Posts: 22388; Member since: May 28, 2014

Google is so far behind the competition that it is laughable. They are too focused on trying to emulate Apple and beat them at their own game as opposed to focusing on making the best Android phone that they can make, and they are badly losing at both. There is absolutely no logical reason for Google to be put a feature like 90hz refresh rate and then stifle the phone which such a small battery, so much so that they have to block apps from using the feature.

14. JC557

Posts: 1925; Member since: Dec 07, 2011

Okay but why is this site ignoring all the issues with iOS 13 with the latest problems being found on the just released 13.1.3. From outright hardware failures to dropped calls.
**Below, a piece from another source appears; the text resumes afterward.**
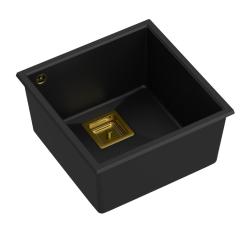 Quadri Quadrangle μαύρος γρανίτης υποδομή νεροχύτης 42x42εκ με χρυσό πώμα 1208967481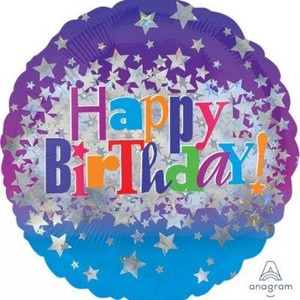 Balloon Foil 45cm Happy Birthday Bright Stars Holographic Balloon Foil 45cm Happy Birthday Bright Stars Holographic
I'll take Android any day over iOS at this point and will be going back to my Pixel 2 XL or buy a Galaxy S10+ and either sell my XR or relegate it to the junk drawer.

18. ChicagoBorn

Posts: 102; Member since: Jan 24, 2018

Because they’ll push out a update with in a week that’s why.

19. JC557

Posts: 1925; Member since: Dec 07, 2011

Like they have with the rushed 13.0, 13.1, 13.2 etc? Each one had pretty bad problems and the subsequent releases introduced new ones.

12. surethom

Posts: 1729; Member since: Mar 04, 2009

It's amazing how Google can get away with such small batteries expecialy on the pixel 4.

13. JC557

Posts: 1925; Member since: Dec 07, 2011

Okay but why is this site ignoring all the issues with iOS 13 with the latest problems being found on the just released 13.1.3. From outright hardware failures to dropped calls. I'll take Android any day over iOS at this point and will be going back to my Pixel 2 XL or buy a Galaxy S10+ and either sell my XR or relegate it to the junk drawer.